Sound familiar? How much tinkering would it take with this platform to get Florida's Tea Party extremist, Marco Rubio, to get behind it? Why bring up Rubio when there are a couple dozen Republican senators who are just as adamantly anti-immigrant as he is? Ah, glad you asked! Florida's Little Lord Fauntleroy created a narrative for himself about his heroic origins, a narrative that fell to pieces this week. The Washington Post said it was "embellishment."
During his rise to political prominence, Sen. Marco Rubio frequently repeated a compelling version of his family’s history that had special resonance in South Florida. He was the “son of exiles,” he told audiences, Cuban Americans forced off their beloved island after “a thug,” Fidel Castro, took power.

But a review of documents-- including naturalization papers and other official records-- reveals that the Florida Republican’s account embellishes the facts. The documents show that Rubio’s parents came to the United States and were admitted for permanent residence more than 2 1 /2 years before Castro’s forces overthrew the Cuban government and took power on New Year’s Day 1959.

The supposed flight of Rubio’s parents has been at the core of the young senator’s political identity, both before and after his stunning tea-party-propelled victory in last year’s Senate election. Rubio-- now considered a prospective 2012 Republican vice presidential candidate and a possible future presidential contender-- mentions his parents in the second sentence of the official biography on his Senate Web site. It says that Mario and Oriales Rubio “came to America following Fidel Castro’s takeover.” And the 40-year-old senator with the boyish smile and prom-king good looks has drawn on the power of that claim to entrance audiences captivated by the rhetorical skills of one of the more dynamic stump speakers in modern American politics.

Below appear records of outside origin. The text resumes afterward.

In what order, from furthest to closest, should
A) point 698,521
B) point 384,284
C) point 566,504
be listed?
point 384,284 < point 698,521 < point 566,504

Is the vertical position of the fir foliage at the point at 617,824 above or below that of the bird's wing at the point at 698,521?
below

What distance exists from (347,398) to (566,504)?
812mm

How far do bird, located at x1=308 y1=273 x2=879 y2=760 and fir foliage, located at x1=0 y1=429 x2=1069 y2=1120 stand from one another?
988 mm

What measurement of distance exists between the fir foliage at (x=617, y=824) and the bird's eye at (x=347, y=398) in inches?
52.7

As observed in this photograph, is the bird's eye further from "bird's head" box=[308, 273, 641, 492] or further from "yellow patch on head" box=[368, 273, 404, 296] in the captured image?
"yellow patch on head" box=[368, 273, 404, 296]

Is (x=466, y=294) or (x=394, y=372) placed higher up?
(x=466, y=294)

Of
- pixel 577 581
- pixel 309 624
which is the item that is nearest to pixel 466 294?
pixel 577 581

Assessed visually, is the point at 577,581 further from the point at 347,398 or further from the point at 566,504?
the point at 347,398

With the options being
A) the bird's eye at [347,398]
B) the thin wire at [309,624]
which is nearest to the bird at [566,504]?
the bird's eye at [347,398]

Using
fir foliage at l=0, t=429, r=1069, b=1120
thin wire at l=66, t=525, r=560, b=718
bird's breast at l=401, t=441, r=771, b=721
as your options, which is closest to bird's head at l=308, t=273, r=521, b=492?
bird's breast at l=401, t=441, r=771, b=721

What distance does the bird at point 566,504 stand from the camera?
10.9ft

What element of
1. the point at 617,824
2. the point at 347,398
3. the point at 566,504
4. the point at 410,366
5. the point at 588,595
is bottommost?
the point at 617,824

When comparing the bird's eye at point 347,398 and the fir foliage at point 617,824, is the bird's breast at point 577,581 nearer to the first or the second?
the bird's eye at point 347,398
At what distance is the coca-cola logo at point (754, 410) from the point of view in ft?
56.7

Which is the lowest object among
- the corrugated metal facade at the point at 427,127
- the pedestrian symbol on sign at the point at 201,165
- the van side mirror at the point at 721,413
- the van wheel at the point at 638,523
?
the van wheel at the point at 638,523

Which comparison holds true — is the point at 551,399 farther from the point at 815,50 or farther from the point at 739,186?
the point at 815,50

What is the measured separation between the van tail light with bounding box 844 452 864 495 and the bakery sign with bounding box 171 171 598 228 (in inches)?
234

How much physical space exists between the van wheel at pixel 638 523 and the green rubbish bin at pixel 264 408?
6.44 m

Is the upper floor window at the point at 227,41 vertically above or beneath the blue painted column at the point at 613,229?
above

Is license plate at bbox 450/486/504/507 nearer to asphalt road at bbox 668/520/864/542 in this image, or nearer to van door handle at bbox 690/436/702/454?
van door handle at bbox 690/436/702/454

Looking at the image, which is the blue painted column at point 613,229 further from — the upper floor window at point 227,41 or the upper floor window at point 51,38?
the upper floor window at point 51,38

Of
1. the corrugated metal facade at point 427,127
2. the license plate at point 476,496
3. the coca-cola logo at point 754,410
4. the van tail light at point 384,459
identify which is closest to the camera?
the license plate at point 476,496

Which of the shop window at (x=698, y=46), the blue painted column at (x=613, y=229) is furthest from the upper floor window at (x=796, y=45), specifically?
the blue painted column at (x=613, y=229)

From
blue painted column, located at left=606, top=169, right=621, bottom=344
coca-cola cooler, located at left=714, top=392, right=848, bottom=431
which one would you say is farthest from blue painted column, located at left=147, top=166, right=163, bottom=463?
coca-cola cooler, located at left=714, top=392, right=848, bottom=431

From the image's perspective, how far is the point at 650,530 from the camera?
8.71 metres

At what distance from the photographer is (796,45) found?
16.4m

The real story of his parents’ migration appears to be a more conventional immigrant narrative, a couple who came to the United States seeking a better life. In the year they arrived in Florida, the future Marxist dictator was in Mexico plotting a quixotic return to Cuba.

...On Sept. 9, 1975, Marco Rubio’s parents also petitioned for naturalization [4 years after Marco was born]. Their petitions list the same date of admission to the United States as the petition of Rubio’s brother. It is unclear why Rubio’s parents chose to wait 15 years to seek naturalization.

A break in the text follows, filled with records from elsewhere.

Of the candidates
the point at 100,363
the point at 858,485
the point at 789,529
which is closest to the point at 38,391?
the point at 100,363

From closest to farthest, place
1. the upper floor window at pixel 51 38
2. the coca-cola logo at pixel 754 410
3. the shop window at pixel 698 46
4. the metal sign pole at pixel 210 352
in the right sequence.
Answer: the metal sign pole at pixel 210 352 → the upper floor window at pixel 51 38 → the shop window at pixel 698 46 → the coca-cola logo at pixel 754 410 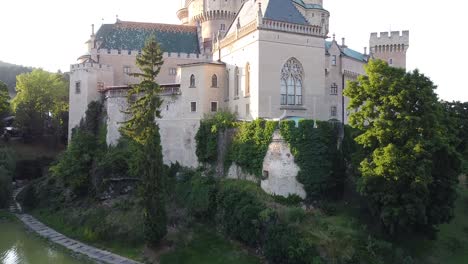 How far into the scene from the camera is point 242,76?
38000mm

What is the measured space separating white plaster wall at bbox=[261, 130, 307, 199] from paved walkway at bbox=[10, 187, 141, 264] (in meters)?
10.3

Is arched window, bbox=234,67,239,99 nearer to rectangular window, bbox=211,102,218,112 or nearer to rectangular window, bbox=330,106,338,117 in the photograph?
rectangular window, bbox=211,102,218,112

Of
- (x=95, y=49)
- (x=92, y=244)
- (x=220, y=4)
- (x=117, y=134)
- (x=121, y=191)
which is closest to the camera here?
(x=92, y=244)

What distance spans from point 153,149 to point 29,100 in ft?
103

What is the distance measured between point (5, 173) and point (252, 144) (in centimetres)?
2375

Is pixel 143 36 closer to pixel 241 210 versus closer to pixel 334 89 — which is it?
pixel 334 89

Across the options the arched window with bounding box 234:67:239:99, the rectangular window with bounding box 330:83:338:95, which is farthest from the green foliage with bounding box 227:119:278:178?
the rectangular window with bounding box 330:83:338:95

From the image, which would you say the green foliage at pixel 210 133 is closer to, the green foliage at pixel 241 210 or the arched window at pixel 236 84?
the arched window at pixel 236 84

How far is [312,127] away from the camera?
101 ft

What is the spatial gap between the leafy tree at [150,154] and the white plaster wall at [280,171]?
23.3 feet

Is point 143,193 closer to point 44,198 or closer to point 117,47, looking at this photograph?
point 44,198

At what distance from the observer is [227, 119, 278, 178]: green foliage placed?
1273 inches

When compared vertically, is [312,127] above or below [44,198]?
above

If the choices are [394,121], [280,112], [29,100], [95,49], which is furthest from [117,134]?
[394,121] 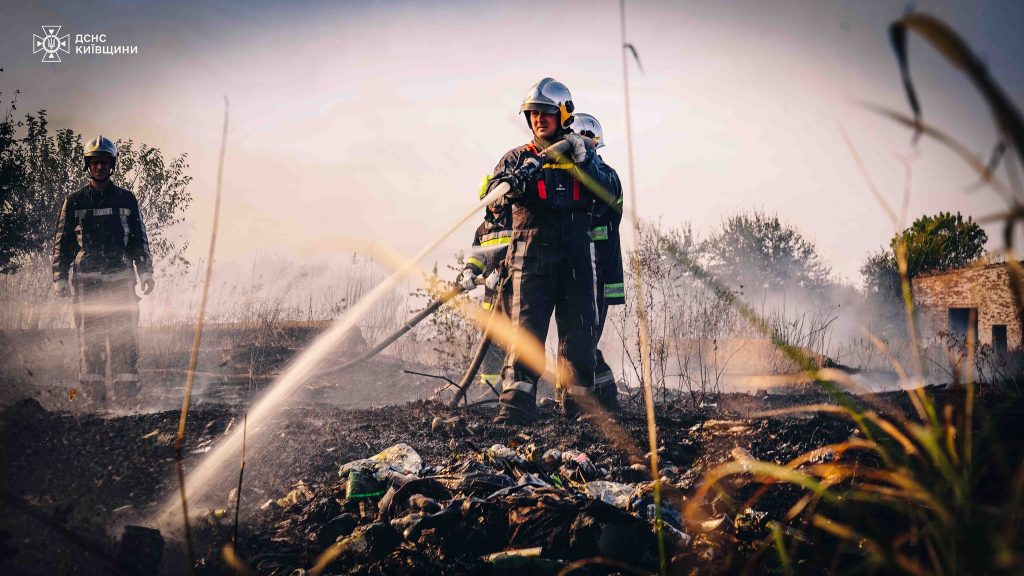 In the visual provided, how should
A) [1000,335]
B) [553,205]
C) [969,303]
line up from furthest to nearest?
[969,303] → [1000,335] → [553,205]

The parents’ naturalization papers have begun to circulate on the Internet as part of a “birther” controversy related to Rubio’s eligibility for future presidential tickets. The controversy, which was reported this week in the St. Petersburg Times, has been compared to the frenzy surrounding President Obama’s birthplace, but in reality it bears a closer resemblance to the fight over Sen. John McCain’s eligibility in the 2008 election. Both the McCain squabble and the low-simmer Rubio case center on the definition of who is a “natural-born citizen.” In the last presidential cycle, some suggested that McCain was ineligible because he was born in the Panama Canal Zone.

Rubio's aggressive stance against comprehensive immigration reform, the Dream Act, bi-lingual education is looking more and more hypocritical and more and more akin to hysterical Republican closet queens who always screech the loudest and the longest against equality for gay people, hoping to hide behind a deceptive wall of fear and hatred. It's becoming increasingly clear that Marco Rubio is not going to solve the Republican Party's self-inflicted Latino problems, not in 2012 and not anytime soon. (And, yeah, Rubio hates gay people too.) Ironic that if Rubio's parents were actually fleeing from an authoritarian dictatorship, it was that of Fulgencio Batista, a fascist whose ideology is pretty much identical to Marco's!